Jonan Scheffler: The first eight hours you're like, "Wow, this is great."
Brendon Murphy: Yeah, you thought you were so important, but then when you realize that your team's also responsible for the power in your local data center and the data center goes down and then the power goes down, and suddenly, none of your servers and the battery backup doesn't work. You have to go turn off like 200 servers-
Jonan Scheffler: It's your fault.
Brendon Murphy: ... when it's raining and it's lightning at 7:00 p.m. or something like that. I'd had a lot of experience before with the pain points of failing hardware and failing platforms and things like that. It's not what interested me, what interested me was working on the software and casting all that other stuff aside. Leaving that, I mean, yes, it's still our application, we still take responsibility and dive in on that but we have that peace of mind that we've got an ops team behind the problem that's bigger than ourselves.
Jonan Scheffler: Right, and you don't have to worry about having a team of your own. I think that total cost of ownership is the piece that's hardest for me to convey when I talk to people. Is that building it is not the expensive part, you could probably cobble something together. You're going to put together a deployment pipeline when you're starting your company. But that's going to take you a lot of time. If I think about like if you and I are sitting here today, we come up with a great startup idea. Let's say we ship our MVP in two weeks. Probably a week of that, under normal circumstances, is us setting up servers and I am profiles and getting everything organized for our deployment pipeline. Being able to skip that is a huge advantage, I think, for companies [crosstalk 00:26:29]-
Brendon Murphy: Absolutely, and I think too, I mean, our Heroku bill, I'm assuming is probably one of the ... It's towards the high tier on Heroku, we're probably pushing it a little more than the average Heroku customer. But even at that high end for like a Heroku bill or something, it's still wouldn't really be enough for us to go out and hire maybe two or three experienced DevOps people.
Jonan Scheffler: Which is what it would take to build and maintain your own infrastructure easily.
Brendon Murphy: Absolutely, you can't put two people on call for a real infrastructure, you're going to at least need to have three, and our bill right now doesn't even cover three people. It would probably barely covered to people.
Jonan Scheffler: You could put two people on call, you just wouldn't have any other company very long.
Brendon Murphy: If you want to build churn into your organization.
Jonan Scheffler: Exactly, yeah. And you're doing for churn. Tell me about these problems that you had with Postgres?

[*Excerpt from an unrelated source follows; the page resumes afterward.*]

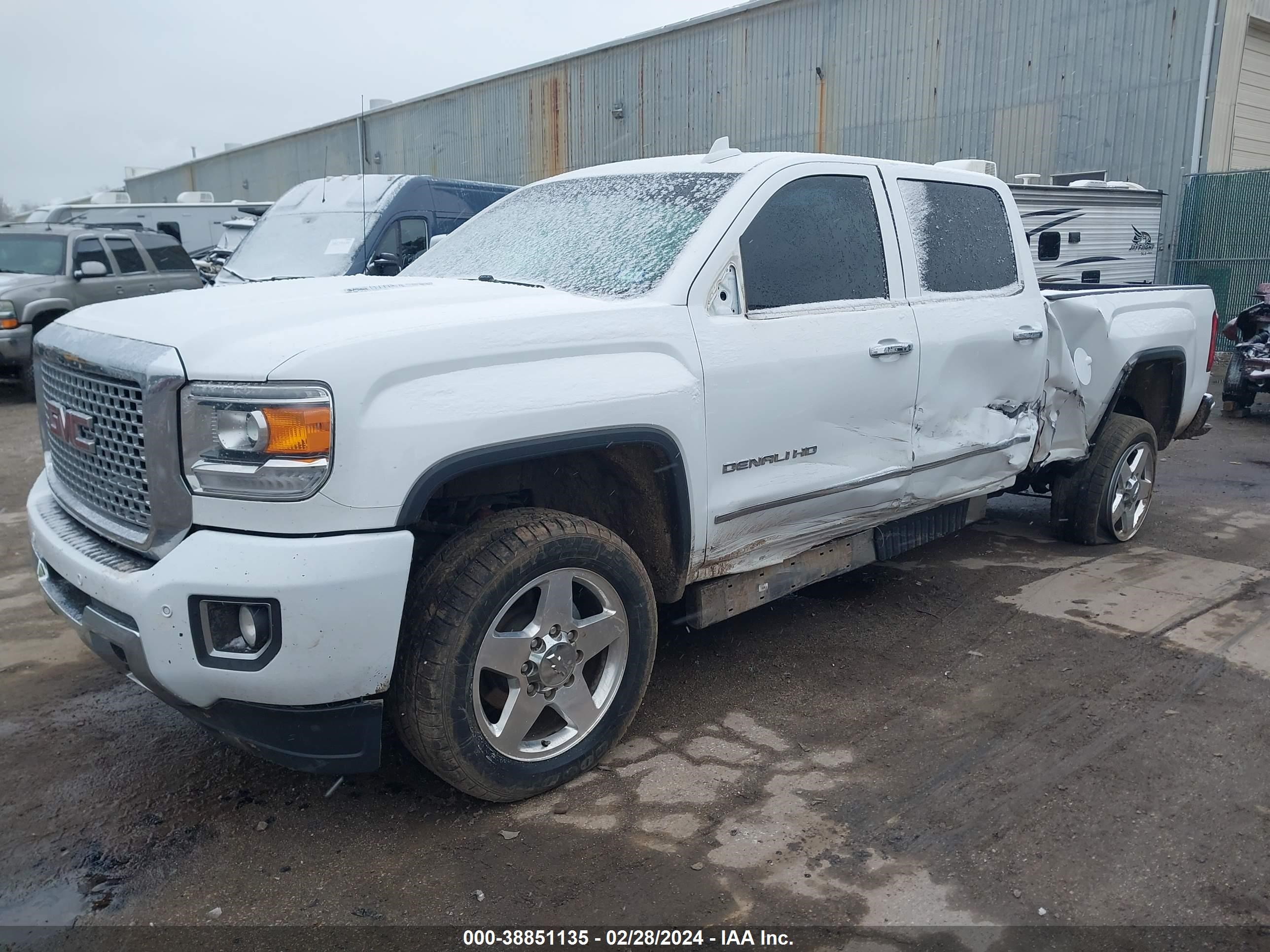 2016 GMC Sierra 2500Hd Denali vin: 1GT12UE8XGF245187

Brendon Murphy: Yeah, so I think you had mentioned the one about backups. I can't remember if this is in the Heroku doc somewhere, and it's one of those things when you hear it, in hindsight, you think, "Well, gosh, that's obvious. That was silly on our part." But we've been doing backups on all our apps for a very long time against the primary data store. Yeah, and the primary data store for our newest and most successful application is very, very, very large by Heroku Postgres standards. It was taking hours to complete, so we still have full protection from those databases, it wasn't necessarily breaking the app or anything like that.
Jonan Scheffler: Sure, it just slows down your queries.
Brendon Murphy: Yeah, well until one morning when we did a deploy and there is, I think, a lock that the backup had taken in order to do its backup effectively. We had, I think, an index add, which we always add our indexes concurrently because that's safe. But adding this new index in conjunction with the lock that backup had, in conjunction with us doing a deploy, created this perfect storm. It really slowed our app down for maybe 15 minutes.
Jonan Scheffler: Wow.
Brendon Murphy: But the solution was easy, we read Heroku and was like, "What's going on?" I think you all got back to us and said, "Well, you've got backups running on the primary and they went to war with each other a little." It's awesome that the solution is easy, we just don't take a backup off that, we take it off of follower, which we already have in place. If we didn't have in place, we would have got it in place that day and cut the back over to Heroku from that as well.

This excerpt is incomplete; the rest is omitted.